Corpora and computation in language studies

Teacher spring term 2013: Emiliano Guevara, ILN

Brief description

This course introduces the basic methodological and theoretical elements of Corpus Linguistics and Computational Linguistics, their practice and relation with language studies in general. The course will consist in a combination of traditional lectures, guided seminars and practical work in the computer laboratory.

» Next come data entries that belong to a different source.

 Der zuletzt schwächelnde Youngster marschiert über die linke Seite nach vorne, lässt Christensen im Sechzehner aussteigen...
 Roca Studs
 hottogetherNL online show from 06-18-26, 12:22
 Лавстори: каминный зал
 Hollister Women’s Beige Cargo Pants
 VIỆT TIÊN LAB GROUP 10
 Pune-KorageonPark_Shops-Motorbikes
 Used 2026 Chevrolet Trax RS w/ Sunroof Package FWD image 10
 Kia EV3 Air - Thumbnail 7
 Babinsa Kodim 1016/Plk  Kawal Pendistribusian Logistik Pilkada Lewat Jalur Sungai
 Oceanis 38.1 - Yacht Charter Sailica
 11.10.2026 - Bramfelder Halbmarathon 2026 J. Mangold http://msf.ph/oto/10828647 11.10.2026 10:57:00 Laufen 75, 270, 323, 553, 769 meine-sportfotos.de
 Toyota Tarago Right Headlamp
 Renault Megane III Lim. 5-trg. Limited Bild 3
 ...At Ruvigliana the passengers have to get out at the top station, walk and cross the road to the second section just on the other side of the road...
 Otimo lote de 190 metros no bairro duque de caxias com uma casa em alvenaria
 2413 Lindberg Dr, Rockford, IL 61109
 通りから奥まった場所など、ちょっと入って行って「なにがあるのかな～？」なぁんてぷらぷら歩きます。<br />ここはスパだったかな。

Corpora and computation allow us to carry out sound empirically-based research on language independently of the particular theoretical framework of choice. The course will be relevant for students interested in Generative Linguistics, Cognitive Linguistics, Construction Grammar, Psycholinguistics, Discourse Analysis and also other related fields like Literary Criticism.

What you will learn

In the first place you will learn what a language corpus is, how you can build one, what choices must be made when you project your own corpus, what sort of evidence can be obtained from them (frequency lists, concordances, collocations) and how you can exploit that information in your own research. You will also use large electronic corpora available through online interfaces.

Second, you will acquire expertise in dealing with text in electronic format, encoding, annotation (mark-up) and conversion between different formats. You also will be taught how to process and manipulate electronic text with Open-Source tools and software.

Finally, you will learn to statistically analyze the data you obtain from language corpora. This will allow you to test the hypotheses you make in your research with real-usage data and present your results in clear and effective ways.

Course language

The course will be taught in English.


Fourteen seminar double-classes.

Prior knowledge required

No previous knowledge of the field is required for the course, besides the basic concepts linguistic theory (word and phrase categories, basic syntax, morphology and semantics). However, some familiarity with programming and/or statistics could be useful.

Evaluation and exam

A short written essay on a research project of your choice (five to ten pages) and a two-hour classroom exam.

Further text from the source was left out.